A suspicious PSA result could lead to a biopsy and then a possible diagnosis of prostate cancer, which could mean aggressive treatments that produce side effects such as urinary incontinence and sexual dysfunction.
"For many of these men, they suffer those downstream troubles for a cancer that was never, ever destined to cause them harm in their lifetime," Mary McNaughton-Collins, an internist and health services researcher at Mass General Hospital and Harvard Medical School, told the New England Journal of Medicine.
Research is under way to find the genetic markers of lethal cancers so doctors can better determine who needs aggressive prostate cancer treatment, but these tests are years away.
The U.S. Preventive Services Task Force recently concluded that there wasn't enough evidence supporting prostate cancer screenings and discouraged the exams for men 75 and older.
A PSA test is not necessary for a patient who is elderly, has other medical conditions and has a limited life expectancy of seven to 10 years, said Andriole, chief of the division of urologic surgery at Washington University School of Medicine in St. Louis, Missouri.
"That might be trigger of potential harms related to having that PSA test," he said.
But it's a more mixed message for younger and healthier men.

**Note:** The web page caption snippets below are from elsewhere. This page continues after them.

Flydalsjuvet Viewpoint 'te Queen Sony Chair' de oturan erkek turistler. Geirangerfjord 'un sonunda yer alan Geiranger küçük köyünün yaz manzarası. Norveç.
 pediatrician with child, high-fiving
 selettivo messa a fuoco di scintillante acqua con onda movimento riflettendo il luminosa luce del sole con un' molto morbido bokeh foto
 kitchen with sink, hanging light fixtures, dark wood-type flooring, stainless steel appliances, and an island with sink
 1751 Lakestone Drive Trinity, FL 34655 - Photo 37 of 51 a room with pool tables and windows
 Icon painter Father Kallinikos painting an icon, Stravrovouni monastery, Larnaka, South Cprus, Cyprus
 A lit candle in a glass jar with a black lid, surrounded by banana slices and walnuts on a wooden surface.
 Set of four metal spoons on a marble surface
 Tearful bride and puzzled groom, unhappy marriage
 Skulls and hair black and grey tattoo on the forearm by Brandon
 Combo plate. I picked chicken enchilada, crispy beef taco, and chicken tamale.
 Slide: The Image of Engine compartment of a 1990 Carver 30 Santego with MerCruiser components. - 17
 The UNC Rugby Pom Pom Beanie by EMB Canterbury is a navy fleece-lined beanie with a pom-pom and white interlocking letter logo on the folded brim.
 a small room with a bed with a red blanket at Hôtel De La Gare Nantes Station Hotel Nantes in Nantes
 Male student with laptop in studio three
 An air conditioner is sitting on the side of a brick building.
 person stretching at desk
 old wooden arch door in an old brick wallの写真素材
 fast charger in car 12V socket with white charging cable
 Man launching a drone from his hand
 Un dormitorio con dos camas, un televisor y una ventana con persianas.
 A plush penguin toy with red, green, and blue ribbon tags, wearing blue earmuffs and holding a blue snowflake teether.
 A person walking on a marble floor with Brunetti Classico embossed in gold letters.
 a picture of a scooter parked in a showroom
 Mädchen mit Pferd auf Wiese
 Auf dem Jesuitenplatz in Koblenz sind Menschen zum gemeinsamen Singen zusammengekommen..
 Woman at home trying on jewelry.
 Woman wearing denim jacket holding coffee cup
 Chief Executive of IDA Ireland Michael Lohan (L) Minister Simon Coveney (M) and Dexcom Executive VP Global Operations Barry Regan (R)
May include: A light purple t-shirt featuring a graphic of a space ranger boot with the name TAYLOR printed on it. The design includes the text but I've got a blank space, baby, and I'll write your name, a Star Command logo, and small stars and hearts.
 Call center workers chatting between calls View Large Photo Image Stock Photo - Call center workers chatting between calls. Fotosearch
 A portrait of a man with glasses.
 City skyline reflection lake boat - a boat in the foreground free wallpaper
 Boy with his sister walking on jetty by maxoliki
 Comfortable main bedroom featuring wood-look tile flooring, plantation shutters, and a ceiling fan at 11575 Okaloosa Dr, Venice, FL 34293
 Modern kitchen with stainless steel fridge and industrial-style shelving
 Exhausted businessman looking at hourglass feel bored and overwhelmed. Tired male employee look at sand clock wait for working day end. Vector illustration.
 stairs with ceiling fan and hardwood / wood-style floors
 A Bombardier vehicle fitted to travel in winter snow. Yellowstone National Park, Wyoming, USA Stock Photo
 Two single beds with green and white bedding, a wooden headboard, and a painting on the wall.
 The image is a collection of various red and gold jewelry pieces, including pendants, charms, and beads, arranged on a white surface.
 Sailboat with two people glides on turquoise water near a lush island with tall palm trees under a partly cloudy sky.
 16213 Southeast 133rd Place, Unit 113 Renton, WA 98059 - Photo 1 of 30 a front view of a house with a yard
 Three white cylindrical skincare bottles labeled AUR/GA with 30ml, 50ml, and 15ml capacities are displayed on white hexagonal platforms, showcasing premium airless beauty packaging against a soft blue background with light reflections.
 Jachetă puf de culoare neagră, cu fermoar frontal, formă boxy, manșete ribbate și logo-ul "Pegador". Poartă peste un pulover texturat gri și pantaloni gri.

There might be mortality benefits for them with prostate screenings, but the U.S. study has only 10 years of data, so it's difficult to tell how younger men in the trial have been affected, Andriole said.
It's a discussion left to each doctor and his or her patient.
"I don't think we should deny men when they want screening," said Dr. Eric Klein, head of Urologic Oncology in the Urological Institute at the Cleveland Clinic, who is not affiliated with the study. "Most men, when diagnosed with prostate cancer, want to be treated, even though a lot of it doesn't need to be treated. We need, as a profession, to be more judicious who we recommend the therapy for."